Hoje é dia de cabeça pesada sobre o ombro. É dia de perna pesada pra dança. É dia de começo de gripe. Ontem foi quando eu esperei seu tempo de entender, de refletir. Ontem foi também quando você se misturou com o mundo e nosso entendimento ocular se perdeu. Ontem você me magoou e ontem mesmo eu esqueci. Meu risco na superfície da água está cada vez mais superficial. Cada vez mais imperceptível pra necessidade de ondas do universo. Eu prefiro furar a onda a surfá-la. Eu me encontro no mergulho, na profundidade. A justiça do mundo não está em ser considerado inocente quando não se cometeu um crime. A justiça é feita dentro do acusado, com a resignação que lhe constroem o tempo e amor. Se estivéssemos aqui para ser compreendidos e para compreender- tão somente, a lição poderia ter sido enviada por email e lida no conforto do lar. No entanto, cá estamos: sem manual de instruções, para errar e berrar desorientadamente.

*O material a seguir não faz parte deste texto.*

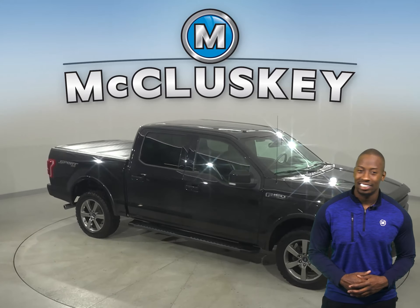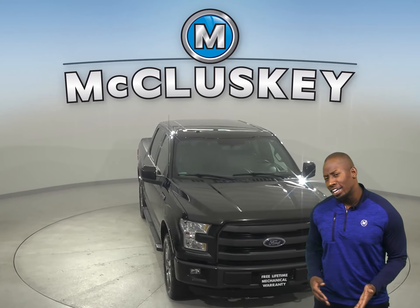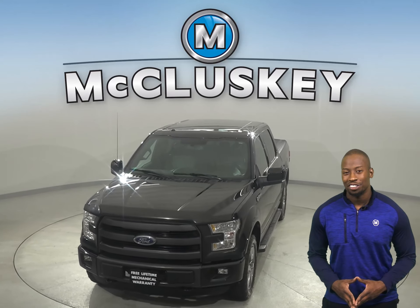There is a tire pressure monitoring system as well, four wheel disc brakes, and anti-lock brakes. Come on down today and try it before you buy it with our free 48 hour test drive.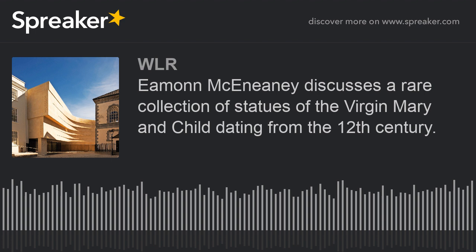We're going to go back in time and book our tickets for a virtual tour of Waterford Treasures with Eamon McInerney. Good morning to you, sir. Morning, Ollie. Morning, Mary. Morning, listeners.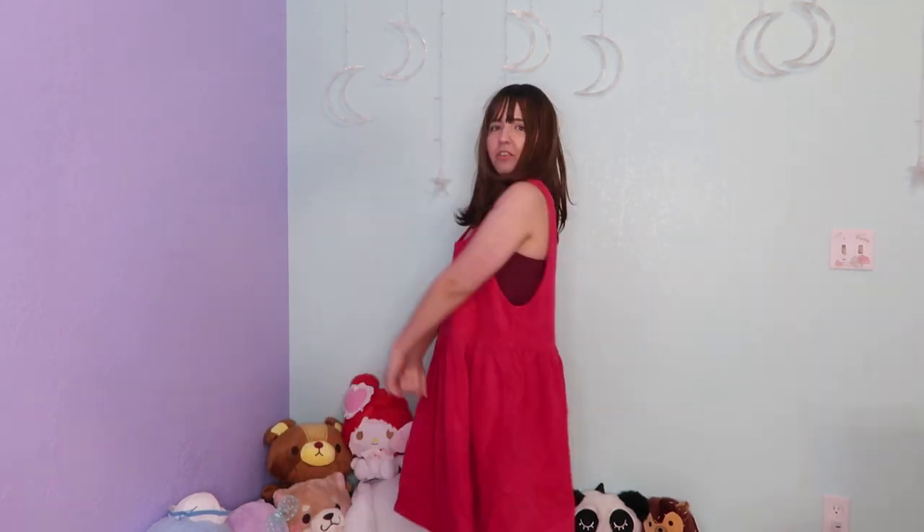It doesn't have any zipper or anything like that. As you can see it's very very oversized. If you like very oversized clothing, this is perfect for you. I'm going to be wearing very oversized blouses to match up with this. It's quite long on me because I'm very short, but I really don't mind — I feel like it's pretty cute.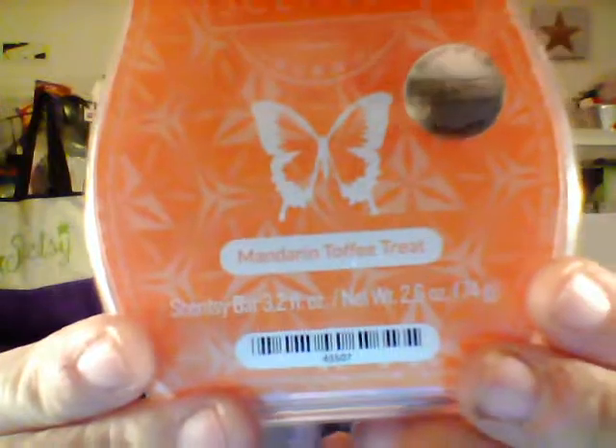You have a choice to do this or not. So let's get started with the scent — it is called Mandarin Toffee Treat, and it's fall everyone, so guess what it's gonna smell like! Oh my gosh, I love this. It is definitely a fall smell, it's definitely a bakery scent, and I definitely get the toffee in there with a little bit of the mandarin. Let's see what Scentsy's description is.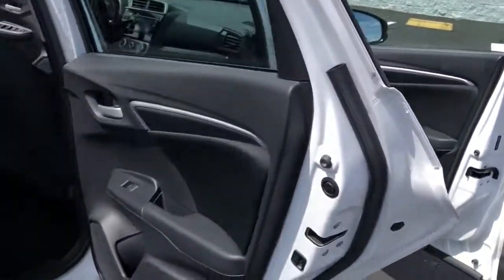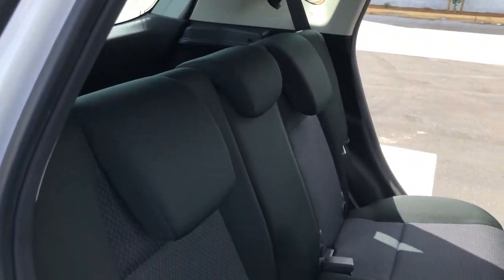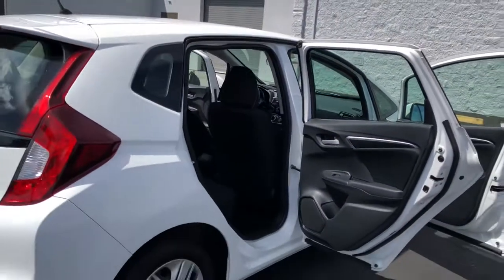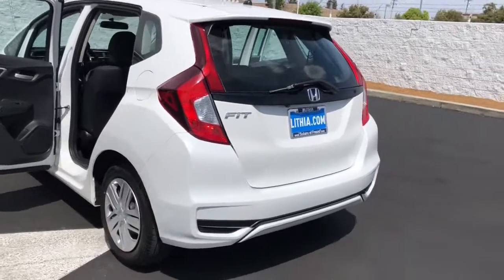The following are some of this vehicle's highlighted options: keyless entry, 4-cylinder engine, backup camera, iPod, MP3 input, electronic stability control, Bluetooth, vehicle anti-theft system, rear spoiler, pass-through rear seat, intermittent wipers.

Para respirar. Para respirar, e isso é incrivelmente o tudo que fomos incumbidos de fazer. É a missão, o caminho e a ferramenta. O ar hoje está denso. Eu estou embaçada de fora pra dentro. Mas sempre dá pra encontrar alguém complacente, nem que seja a cantora desencarnada que enche meu ouvido de chá de hortelã morninho e refrescante.